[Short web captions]
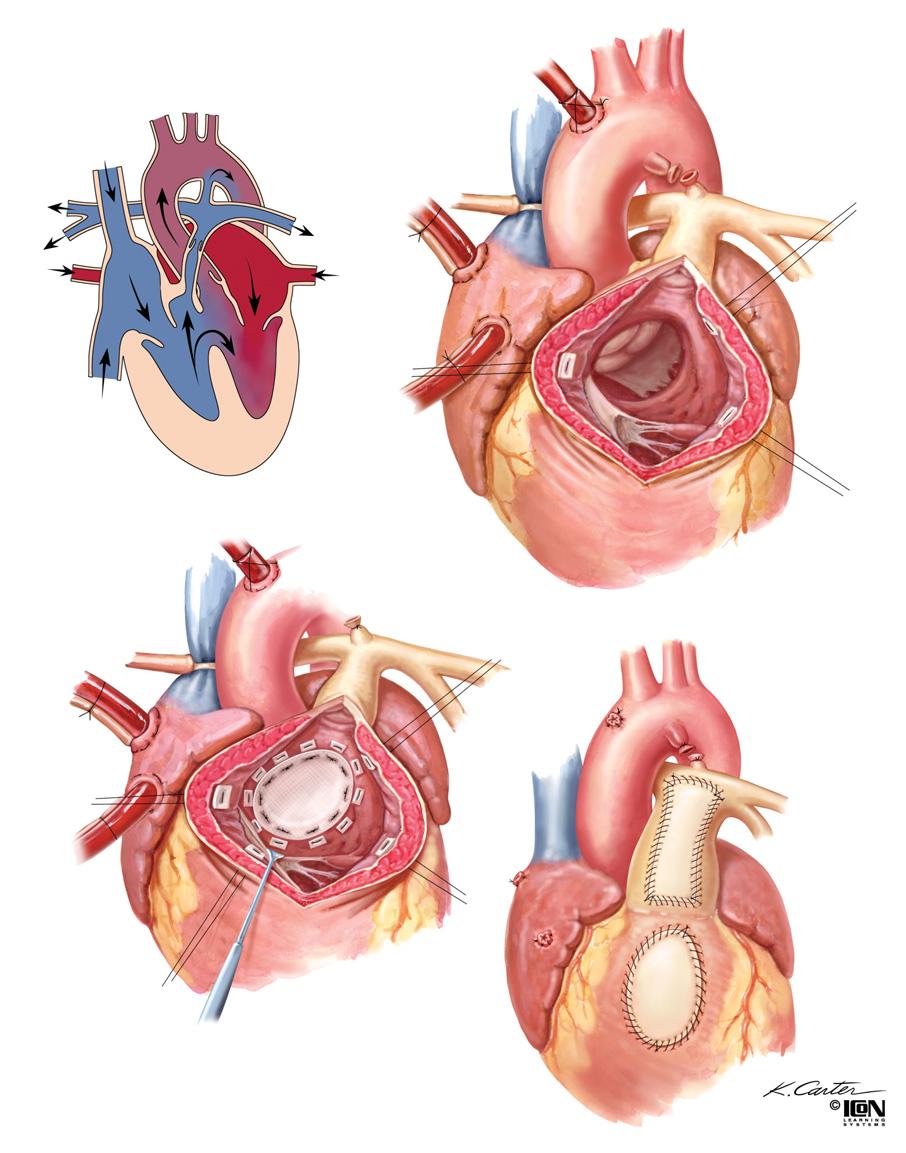 SURGICAL INTERVENTIONS FOR Figure 46-4 Tetralogy of Fallot Deoxygenated Patent ductus arteriosus Stenotic pulmonary Ligated ductus arteriosus Stenotic pulmonary trunk Oxygenated VSD with right to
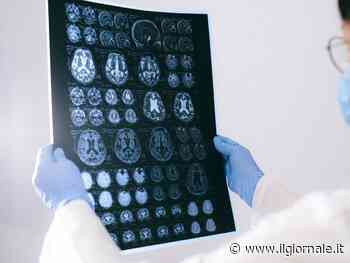 Alzheimer, un gene potrebbe proteggere il cervello: lo studio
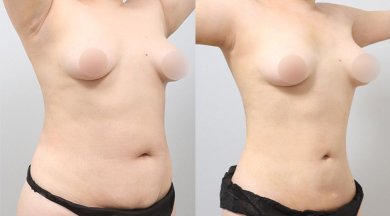 Результаты до и после контурирования тела BodyTite в AB PLASTIC SURGERY, живот и талия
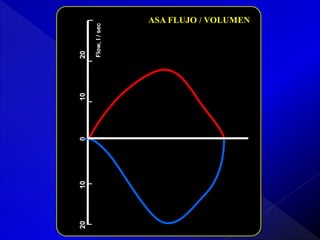 20

10

0

10

Flow, l / sec

20

ASA FLUJO / VOLUMEN

 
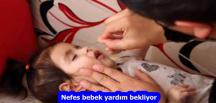 Nefes bebek yardım bekliyor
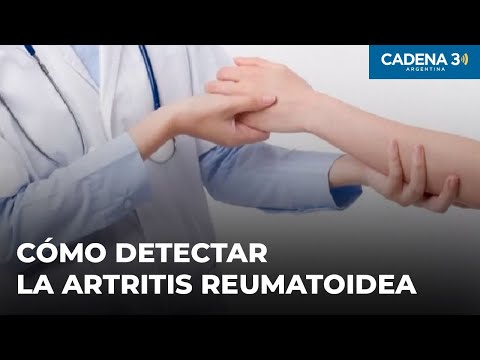 Artritis reumatoidea: importancia de la detección temprana para su tratamiento | Cadena 3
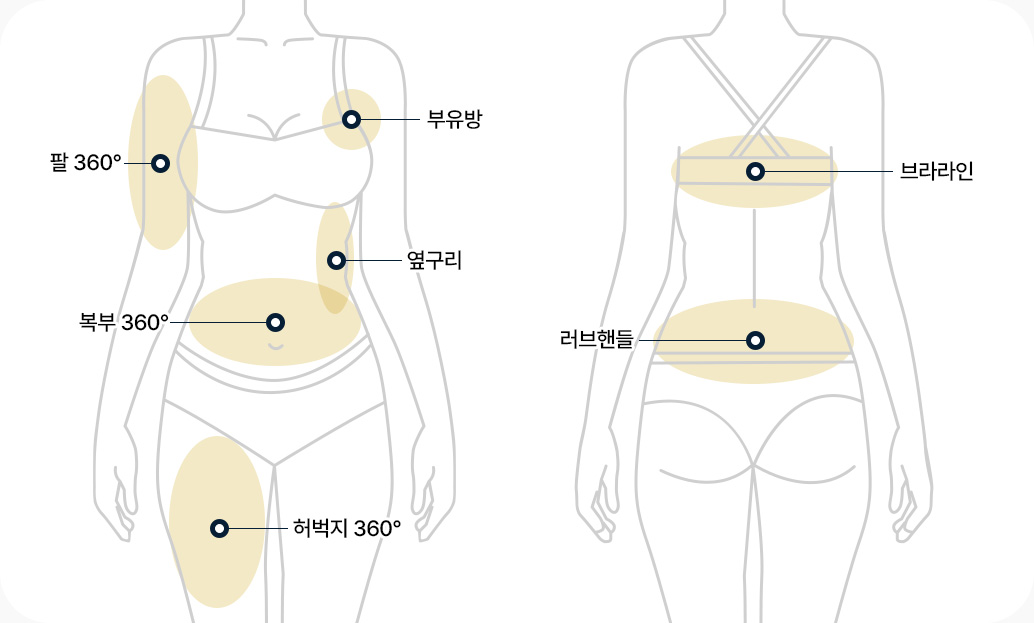 지방흡입 부위 팔 360도 부유방 옆구리 복부 360도 허벅지 360도 브라라인 러브핸들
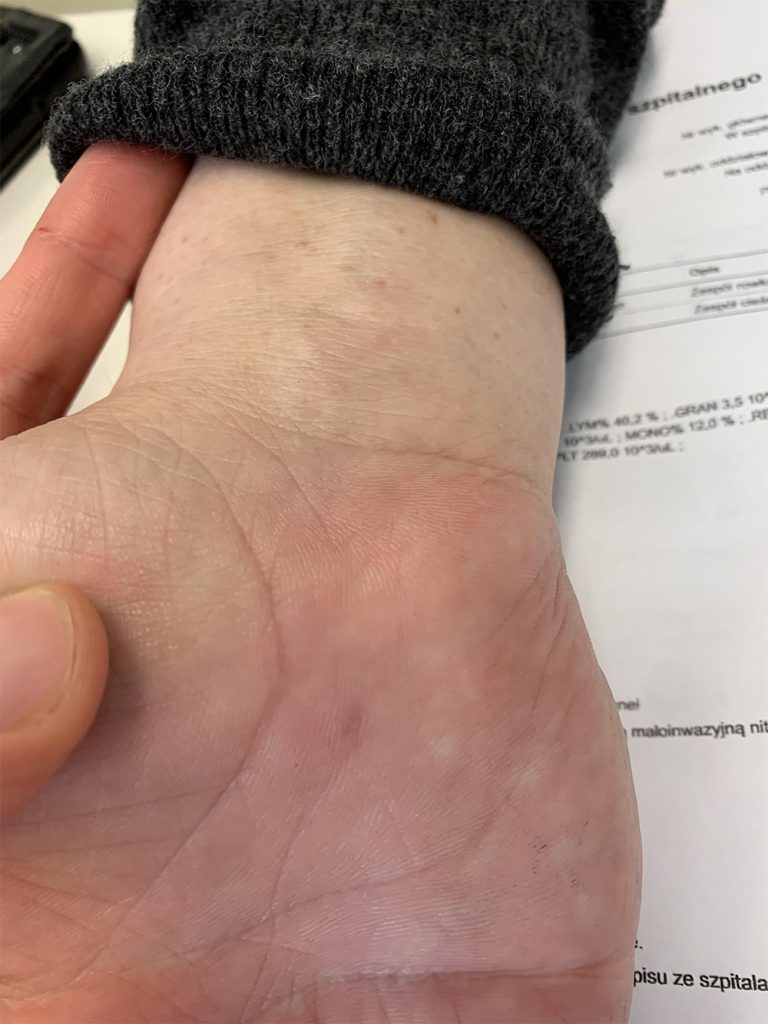 zabieg cieśnia nadgarstka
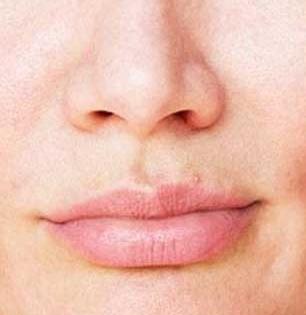 हिवाळ्यात ओठांजवळ काळवंडते? त्वचा ताणली जाऊन झोंबते? पाहा काय करायचे, वेळीच उपाय करा कारण .....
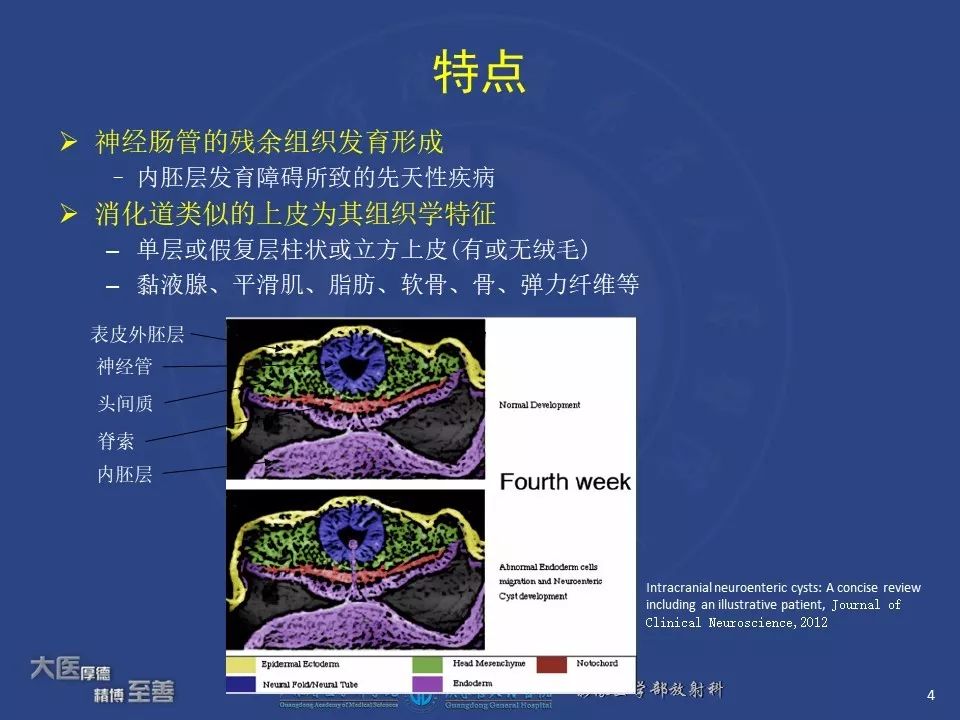 影像PPT - 【PPT】颅内神经肠源性囊肿-2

§ THE TASK:
Please keep the pictures out and reproduce the records above exactly.

§ TASK RESPONSE:
 SURGICAL INTERVENTIONS FOR Figure 46-4 Tetralogy of Fallot Deoxygenated Patent ductus arteriosus Stenotic pulmonary Ligated ductus arteriosus Stenotic pulmonary trunk Oxygenated VSD with right to
 Alzheimer, un gene potrebbe proteggere il cervello: lo studio
 Результаты до и после контурирования тела BodyTite в AB PLASTIC SURGERY, живот и талия
 20

10

0

10

Flow, l / sec

20

ASA FLUJO / VOLUMEN

 
 Nefes bebek yardım bekliyor
 Artritis reumatoidea: importancia de la detección temprana para su tratamiento | Cadena 3
 지방흡입 부위 팔 360도 부유방 옆구리 복부 360도 허벅지 360도 브라라인 러브핸들
 zabieg cieśnia nadgarstka
 हिवाळ्यात ओठांजवळ काळवंडते? त्वचा ताणली जाऊन झोंबते? पाहा काय करायचे, वेळीच उपाय करा कारण .....
 影像PPT - 【PPT】颅内神经肠源性囊肿-2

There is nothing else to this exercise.